A few basic words about Hreflang should not be missing at this point:
- Hreflang is a markup option for the individual documents on a website, which is intended to help the search service to decide which documents on a website are relevant in which search market and in which language.
- Hreflang can, for example, help with the problem that Google in Austria displays the pages actually intended for Germany (and vice versa).
- Basically, Hreflang works in such a way that every document that exists in at least two copies (e.g. once in German and once in English; or once in German for Germany and once in German for Austria) with Hreflang references to the respective other versions ( and himself) refers.
- In addition to the URL, the award also includes the language information and, if necessary, the GEO information (the country).

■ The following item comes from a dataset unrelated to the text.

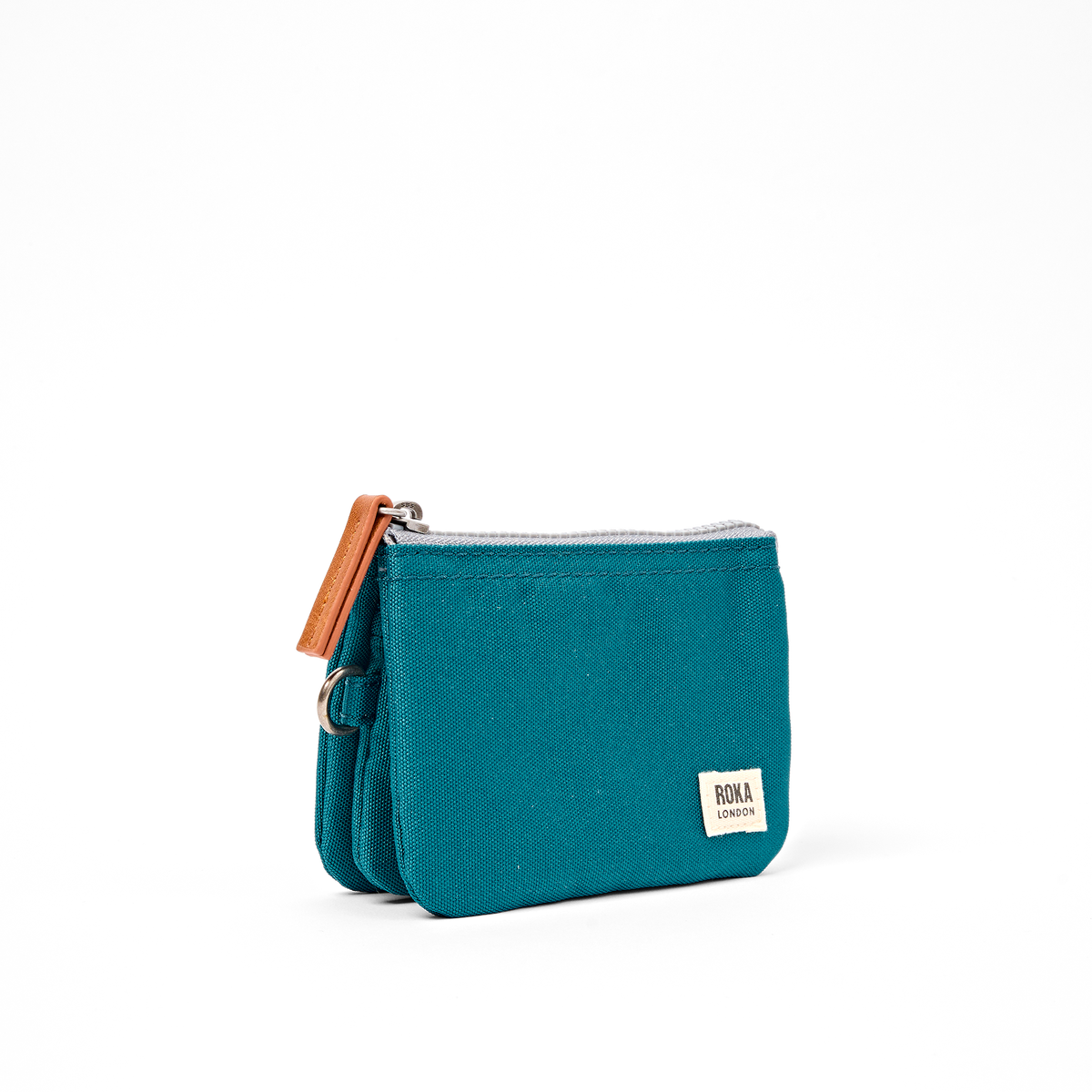 Carnaby Wallet in Deep Teal
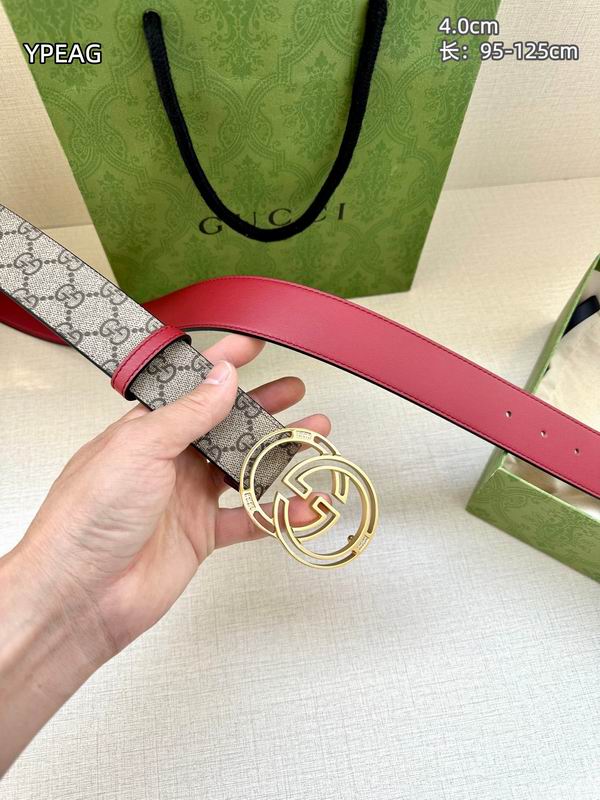 Gucci belt 40mmX95-125cm 8L (21)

It is important to ensure that hreflang is only used on canonical URLs that are to be indexed and really only refers to URLs that exist and are to be indexed. Each document should also refer back to all other documents that refer to it.
The strategies presented at this point are based on many years of experience and taking into account markets that are not necessarily only determined by Google. If we are commissioned to plan a new international website, the strategies presented are definitely our basis for the domain and URL strategy.
However, it cannot be denied that other strategies also have their advantages. Google is not only able to deal with this one internationalization setup of a website. Constructs that are not outlined in more detail at this point can also celebrate good successes in organic search.
Especially when a website is already established, it can be advantageous to adapt an existing domain and URL architecture instead of establishing a new one.
It therefore makes sense that the responsible SEO specialist familiarize himself sufficiently with the current situation before a strategy change is planned and implemented.